Kozea / WeasyPrint

The awesome document factory
https://weasyprint.org
BSD 3-Clause "New" or "Revised" License
7.23k stars 686 forks source link

Per-element metadata from HTML -> PDF -> HTML (via pdf.js) #2279

Closed jambudipa closed 3 weeks ago

jambudipa commented 3 weeks ago

I need to carry some metadata – which could amount to just an ID – from the source HTML, through to the PDF using WeasyPrint, eventually ending up somehow addressable in the HTML rendered by pdf.js (more specifically, react-pdf).

So, for example, if I have this element in my source HTML:

<p class="x00-chapter-title---toc-level" id="contents">Contents</p>

I would like to be able to see that id when rendered in the browser.

It could be any element really: I imagined a data-id would do the trick. I saw this issue and the corresponding solution which comes close to what I need, perhaps I could fork it?
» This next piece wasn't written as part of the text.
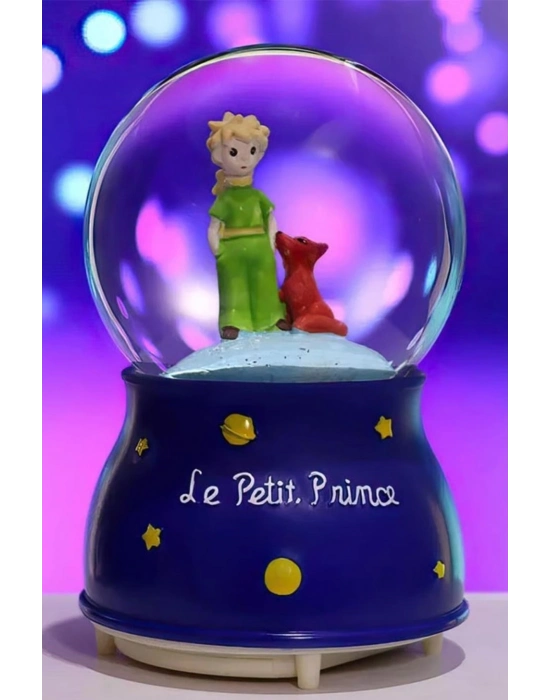 ® Pilli Işıklı Müzikli Kar Küresi–Le Petit Küçük Prens Figürlü Eğlenceli Masaüstü Biblo, LED Aydınlatmalı Dekoratif Hediyelik Kar Küresi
jambudipa commented 3 weeks ago

So I change my element to this:

<p class="x00-chapter-title---toc-level" id="my-id">Contents</p>

Using qpdf, I was able to generate a text-readable version of the generated PDF, and happily found this:

<<
  /Names <<
    /Dests <<
      /Names [
        (my-id)
        [
          25 0 R
          /XYZ
          67.25
          810.889736
          0
        ]
      ]
    >>
  >>
>>

...which gives me hope!

But now I am not sure how to use pdf.js to provide these details, or even tell me what they mean. Presumably coordinates on the page.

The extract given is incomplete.